**Task to complete:** Nothing but the lines below from the one with "Live Sound Card" through the one with "Aros De Plata 925 Argollas Enroscada 1" should be output, each exactly as given, and no pictures.

**Data supplied:**
--- --- ---
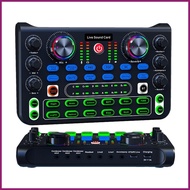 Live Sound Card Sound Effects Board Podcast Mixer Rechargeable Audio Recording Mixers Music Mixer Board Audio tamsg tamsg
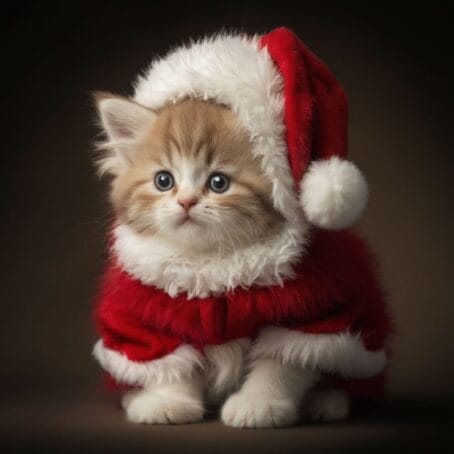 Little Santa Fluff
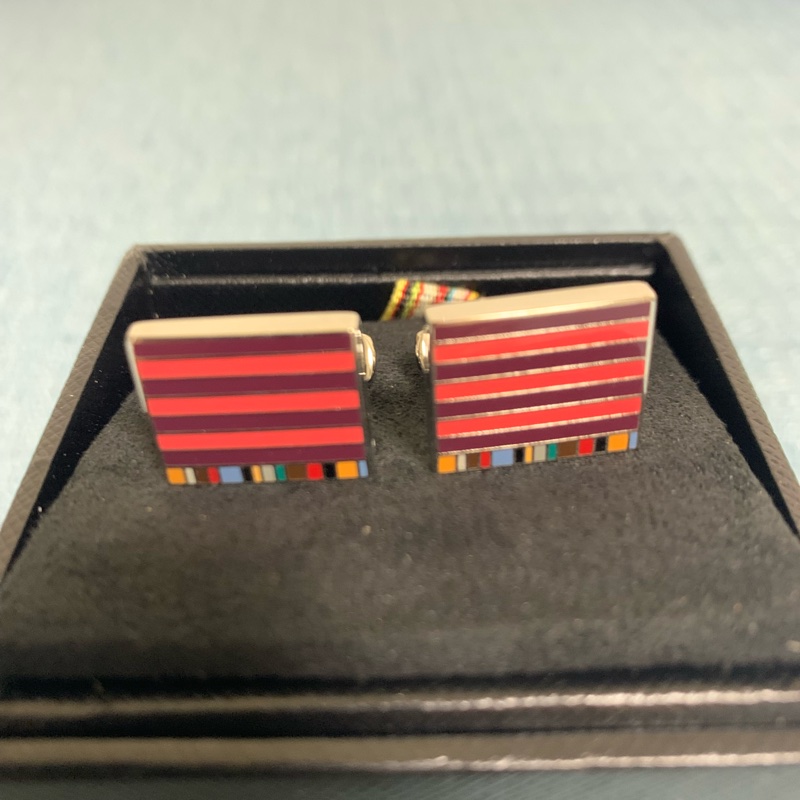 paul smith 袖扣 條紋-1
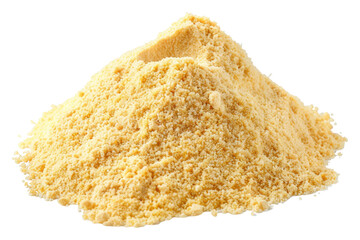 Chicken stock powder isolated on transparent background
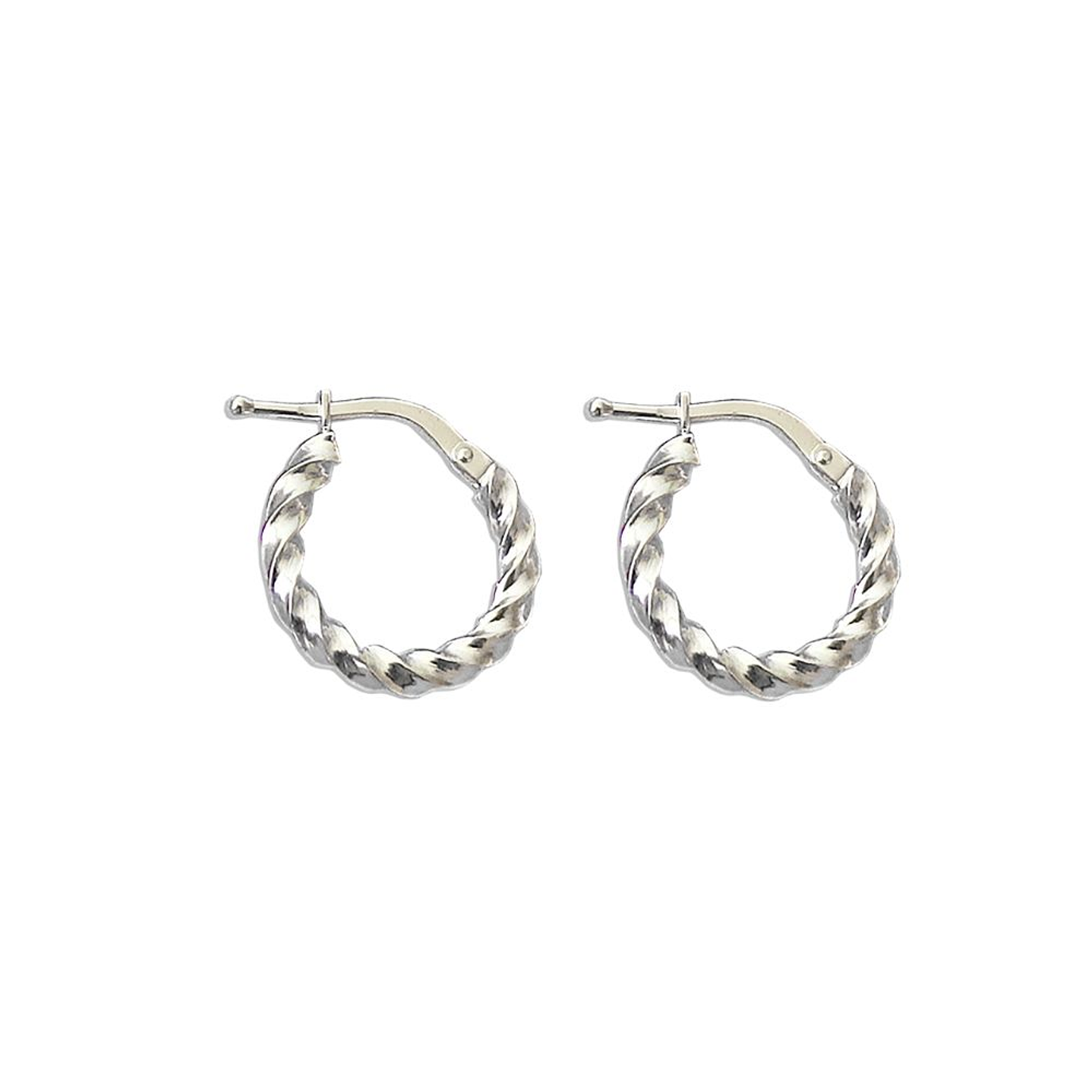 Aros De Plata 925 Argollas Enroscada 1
--- --- ---
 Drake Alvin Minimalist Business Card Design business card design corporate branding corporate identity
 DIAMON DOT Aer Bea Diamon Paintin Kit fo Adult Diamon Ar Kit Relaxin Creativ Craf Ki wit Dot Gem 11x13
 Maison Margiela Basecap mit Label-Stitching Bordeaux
--- --- ---
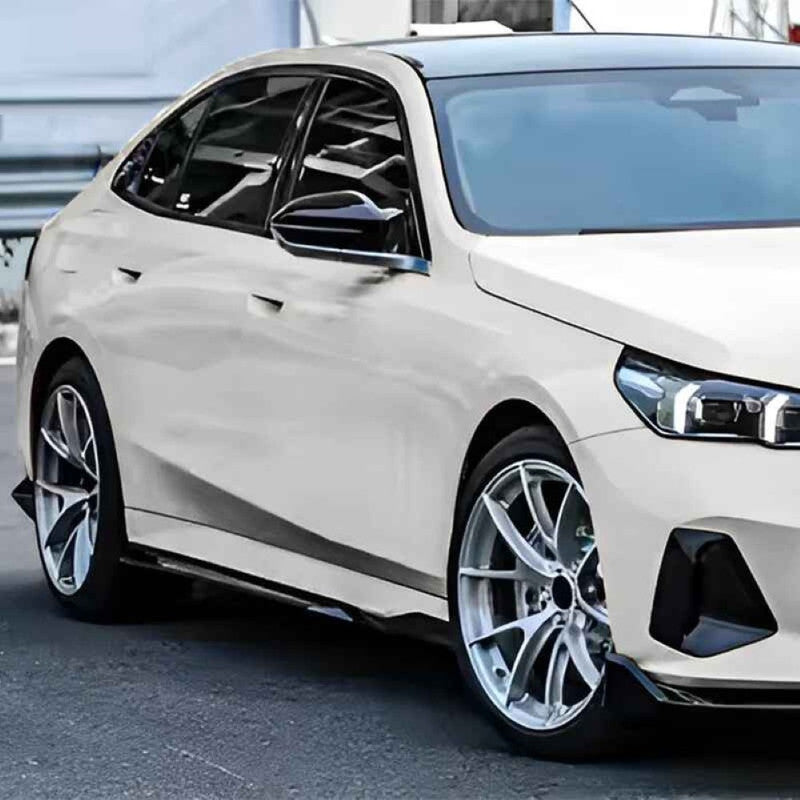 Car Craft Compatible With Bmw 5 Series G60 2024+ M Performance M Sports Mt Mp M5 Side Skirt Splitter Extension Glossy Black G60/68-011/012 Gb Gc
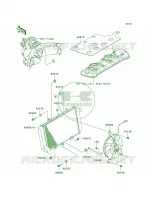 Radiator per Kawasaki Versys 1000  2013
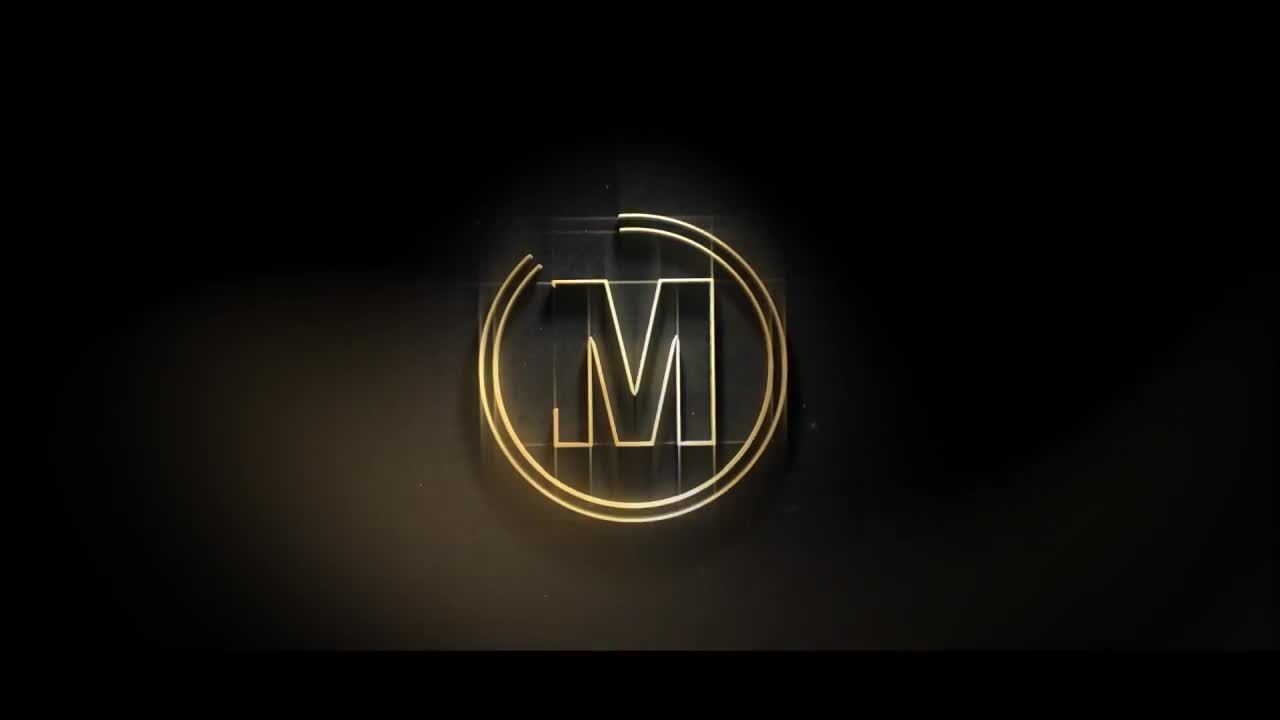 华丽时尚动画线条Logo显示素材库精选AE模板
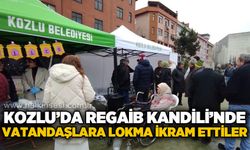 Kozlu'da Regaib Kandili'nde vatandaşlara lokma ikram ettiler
--- --- ---
**Answer area:**
 Live Sound Card Sound Effects Board Podcast Mixer Rechargeable Audio Recording Mixers Music Mixer Board Audio tamsg tamsg
 Little Santa Fluff
 paul smith 袖扣 條紋-1
 Chicken stock powder isolated on transparent background
 Aros De Plata 925 Argollas Enroscada 1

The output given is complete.